When she was 88, some of the ‘old boys’ returned for an emotional reunion with their benefactress. ‘How delighted my husband would have been to see you make your way in life so well. It must have taken courage and resolution’, she said. ‘Although you are very much grown up you will always remain boys to me’, she told them, adding ‘It’s been such a very long time since you’ve been here with me.’

The boys went on to careers in business, the professions, and academia. One even returned to Britain as an Israeli diplomat.

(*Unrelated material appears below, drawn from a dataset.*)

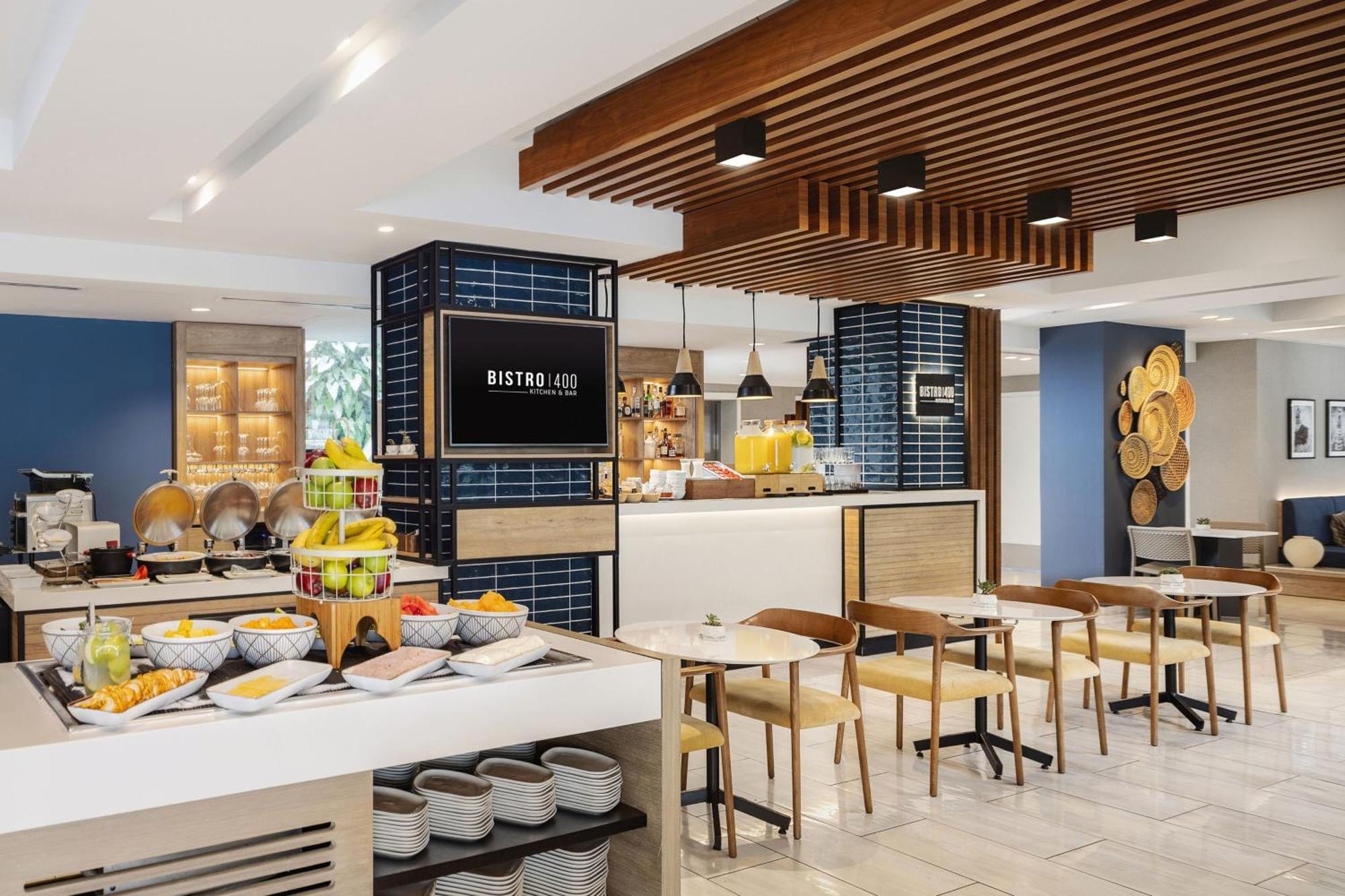 Courtyard By Marriott Lima Miraflores Exterior photo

Dorothy’s death in London on 10 December 1988, at age 93, brought to an end  75 years of prolific work on behalf of Zionism and humanism. She is buried at Willesden Jewish cemetery in the Rothschild family compound and close to Walter Rothschild to whom the Balfour Declaration was addressed

Dorothy bequeathed her estate as well as responsibility for Yad Hanadiv to her cousin Jacob, today Lord Rothschild, who, over the years had become actively involved in the Foundation’s philanthropic work. Alongside his successful career as an investment banker, Lord Rothschild has served as a dedicated steward and visionary Chair of Yad Hanadiv since 1989 — growing the Foundation’s assets and guiding its activity.

In addition to the Open University’s Dorothy de Rothschild Campus, Dorothy is memorialized by Shadmot Dvora (in the image of Dorothy), an agricultural moshav, or cooperative farm, in the Lower Galilee that was founded by German Jewish settlers in 1939 and named in her honour.